_Task to complete_:
This task calls for the lines below starting at the one containing "925 Silver Star" and ending at the one containing "Set 2 sedie", repeated exactly with both ends kept and pictures left out.

_Records to process_:

• • •

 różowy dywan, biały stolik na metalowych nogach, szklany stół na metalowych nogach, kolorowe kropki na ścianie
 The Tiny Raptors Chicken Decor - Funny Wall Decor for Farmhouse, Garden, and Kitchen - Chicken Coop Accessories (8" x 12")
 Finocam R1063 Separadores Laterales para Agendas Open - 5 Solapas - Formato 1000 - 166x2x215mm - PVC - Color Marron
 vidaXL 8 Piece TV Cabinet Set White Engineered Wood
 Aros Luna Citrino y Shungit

• • •

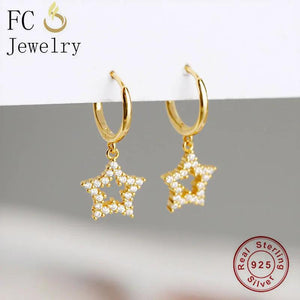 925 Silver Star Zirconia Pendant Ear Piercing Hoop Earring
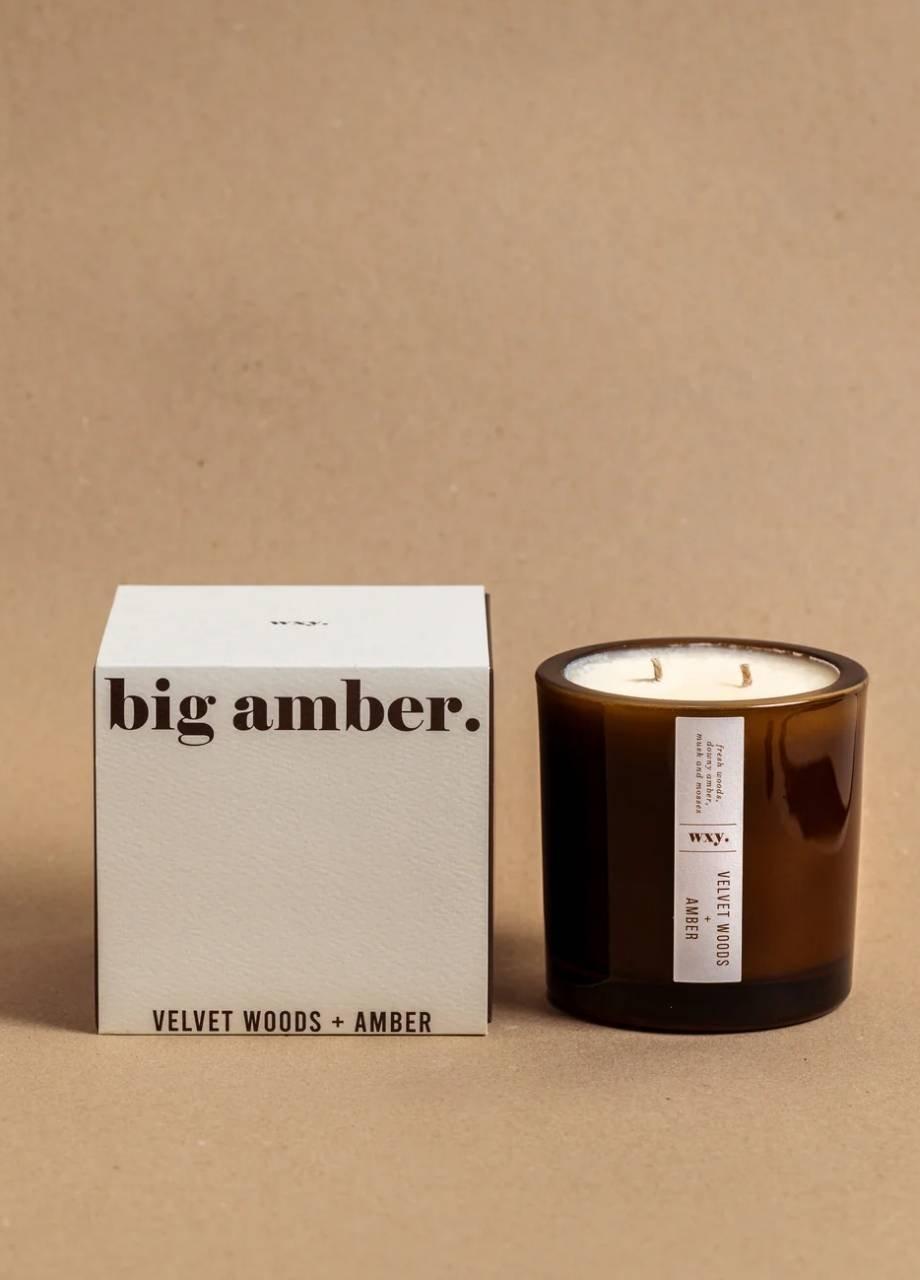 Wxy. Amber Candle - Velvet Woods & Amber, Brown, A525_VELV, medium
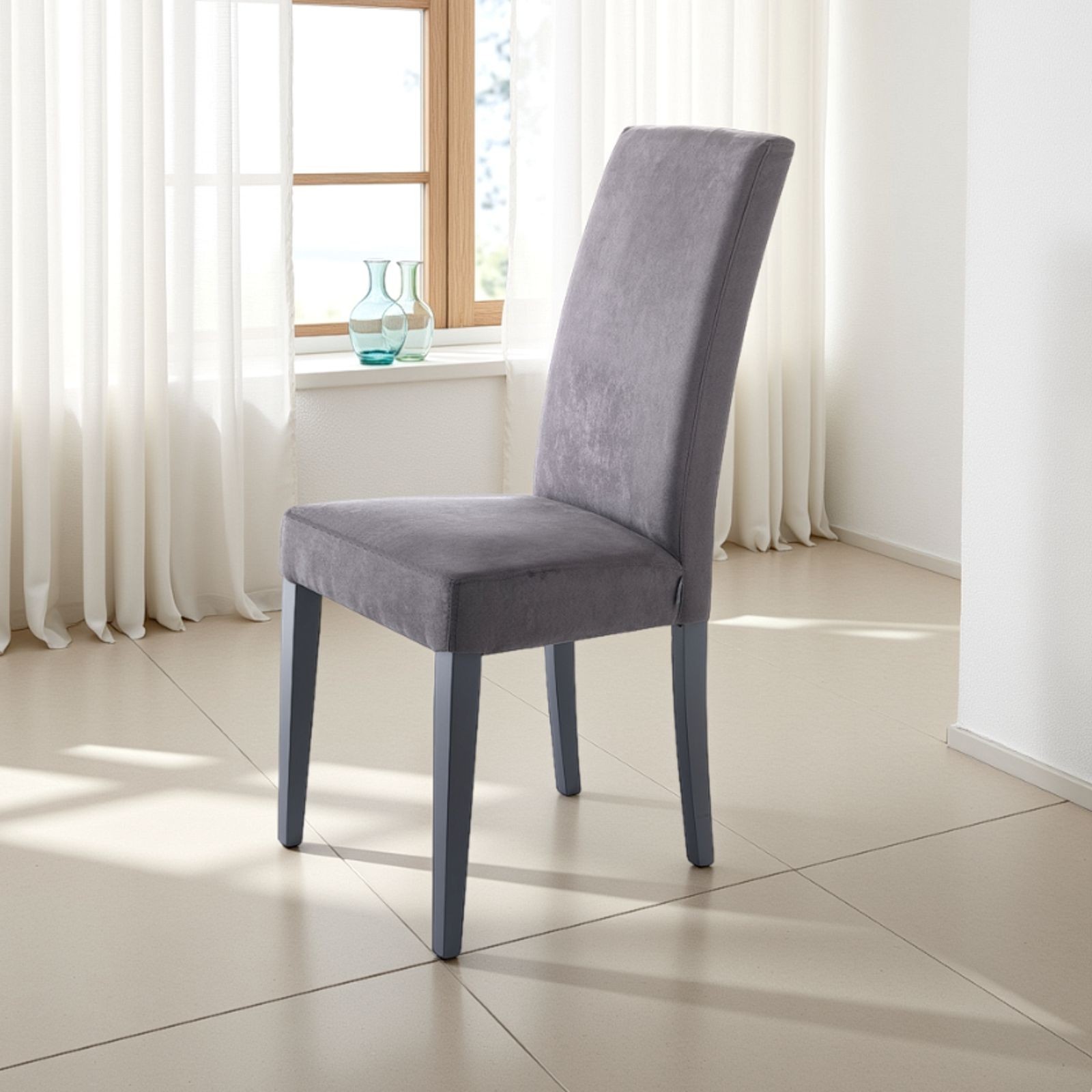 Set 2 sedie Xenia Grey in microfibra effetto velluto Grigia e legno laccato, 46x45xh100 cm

• • •

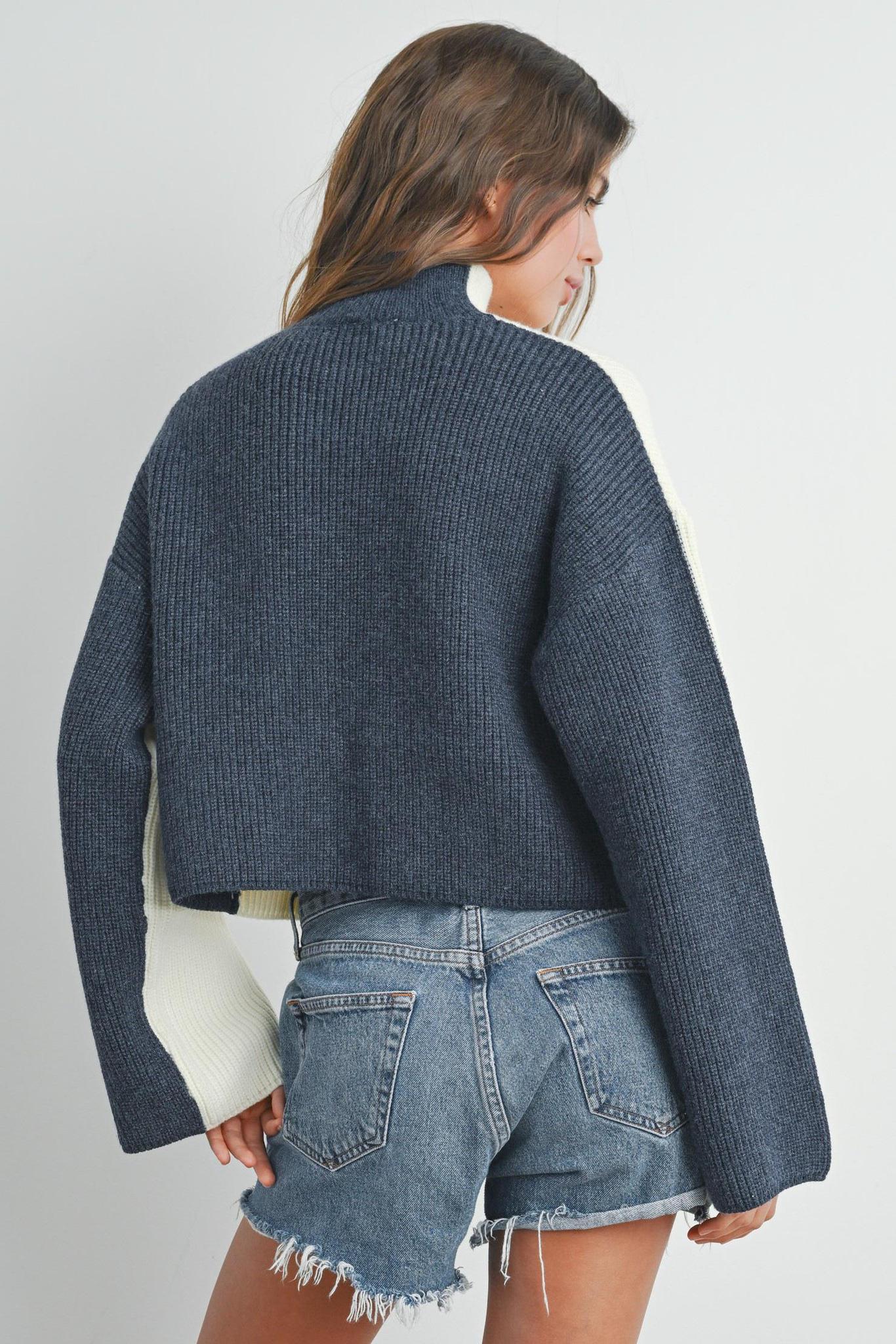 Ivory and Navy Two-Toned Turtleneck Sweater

• • •

_Result of this task_:
 925 Silver Star Zirconia Pendant Ear Piercing Hoop Earring
 Wxy. Amber Candle - Velvet Woods & Amber, Brown, A525_VELV, medium
 Set 2 sedie Xenia Grey in microfibra effetto velluto Grigia e legno laccato, 46x45xh100 cm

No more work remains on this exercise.